Now, we were finally ready to open, we had everything set up to change the world.
“How do we convince people to send their children here?” Godric asked.
“We can’t just tell them to send their children away from their homes. Even poor villagers wouldn’t do it. What we created is too good to be true.” Rowena answered.
“What we need is for people to trust us with their children but that’s impossible right off the bat. We need to make them trust us with something a bit less important.” I commented.
“Like what?” Salazar questioned.
“Like their lives. We are some of the best wizards and witches in Britain, but they don’t know that. We need to show them. We need to show them that they should trust us. And to do that we will need to save them.”

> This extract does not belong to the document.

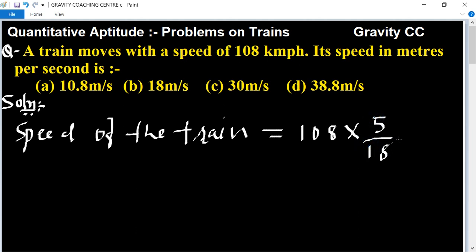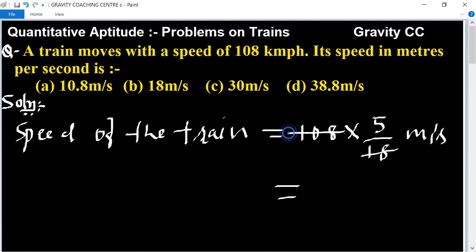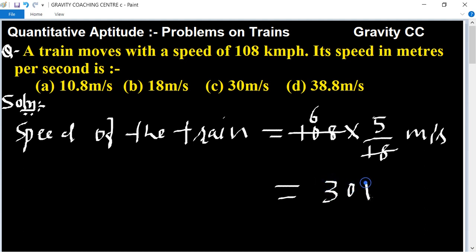So it is changed into meter per second. Using the table of 18: 18 × 6 = 65 — so the answer is 30 meters per second. Option C is the right answer.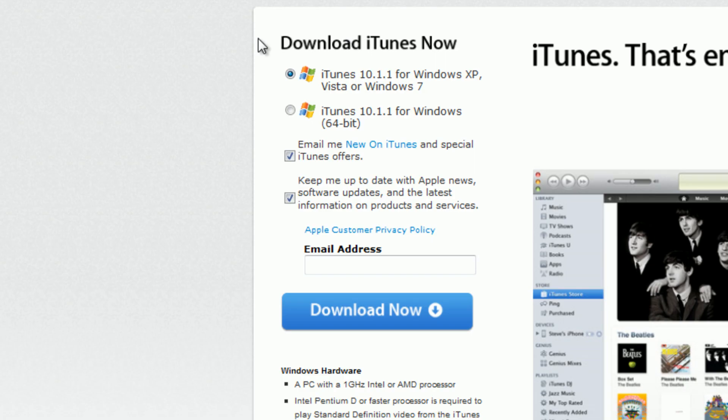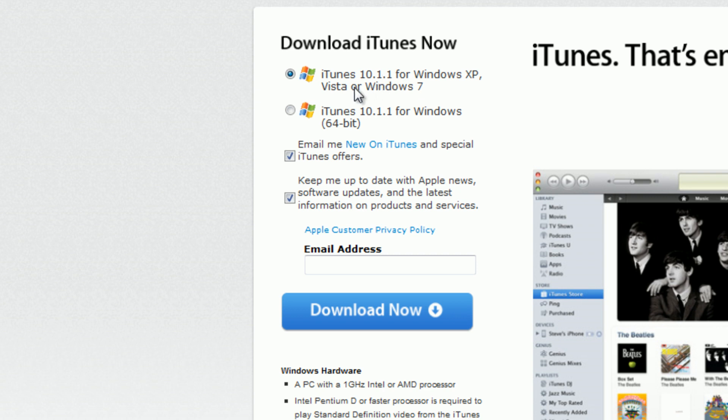Here it is. Here's the Apple website saying that iTunes 10.1.1 is available for download, and you guys should definitely stay away from that.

“From what exactly?” Godric asked.
“Not what, who. Salazar, do you still want revenge on the man that killed your family?”
The legend of the dark man, spread across Britain. Countless villages were destroyed by him, even some Noble houses, magical and muggle weren’t spared. He was their bogeyman. Killing him would give us the publicity we needed to open our school. Plus, I still want to know how he violated the natural law by consuming souls without me sensing it.
Salazar responded with a sinister grin.